-- WHAT IS EXPECTED --
The answer must reproduce all of the data below exactly and contain no images.

-- GIVEN INFORMATION --
-- Opening Marker --

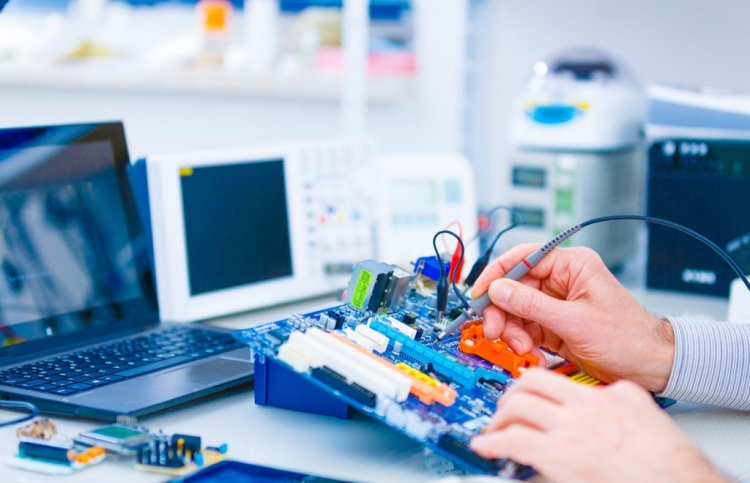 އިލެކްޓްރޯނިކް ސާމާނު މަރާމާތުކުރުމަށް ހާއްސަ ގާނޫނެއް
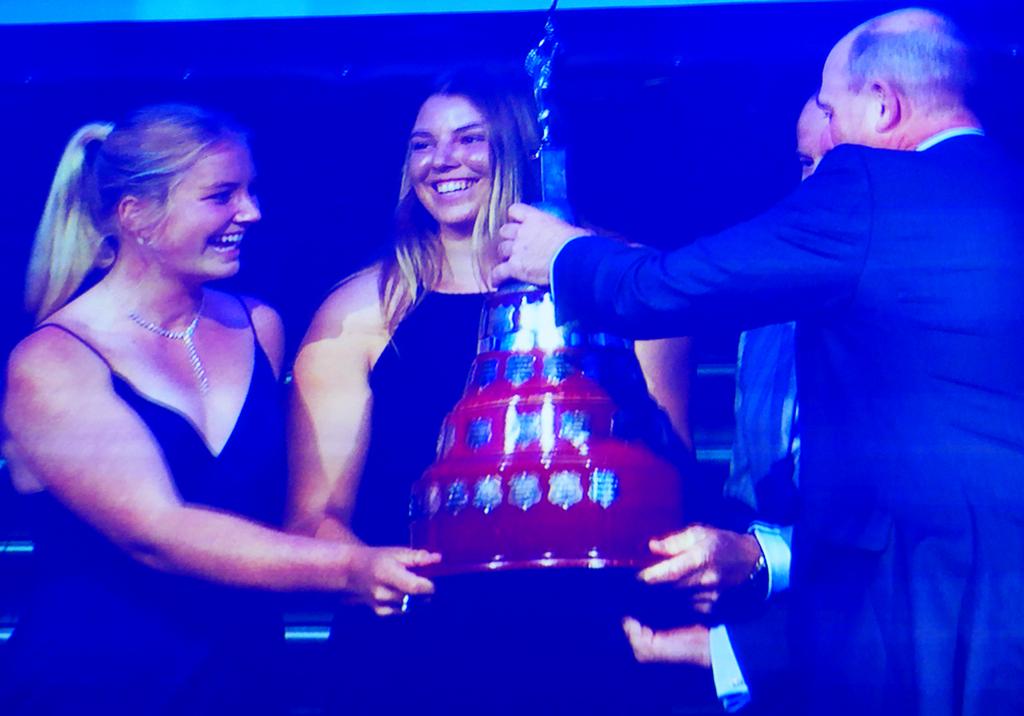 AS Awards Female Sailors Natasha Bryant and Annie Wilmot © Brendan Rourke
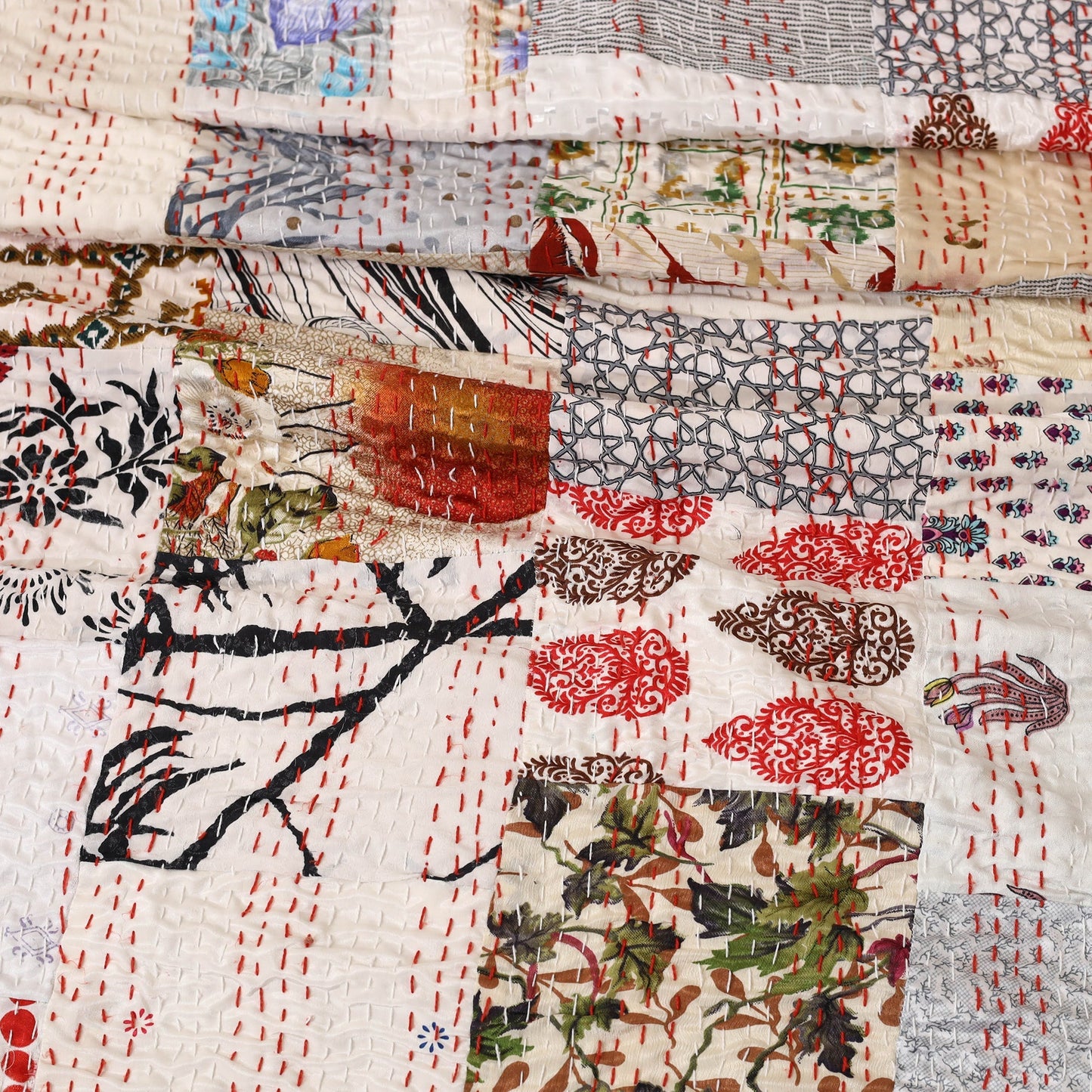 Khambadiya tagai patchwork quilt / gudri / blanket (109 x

-- Closing Marker --

-- RESULT OF THIS EXERCISE --
 އިލެކްޓްރޯނިކް ސާމާނު މަރާމާތުކުރުމަށް ހާއްސަ ގާނޫނެއް
 AS Awards Female Sailors Natasha Bryant and Annie Wilmot © Brendan Rourke
 Khambadiya tagai patchwork quilt / gudri / blanket (109 x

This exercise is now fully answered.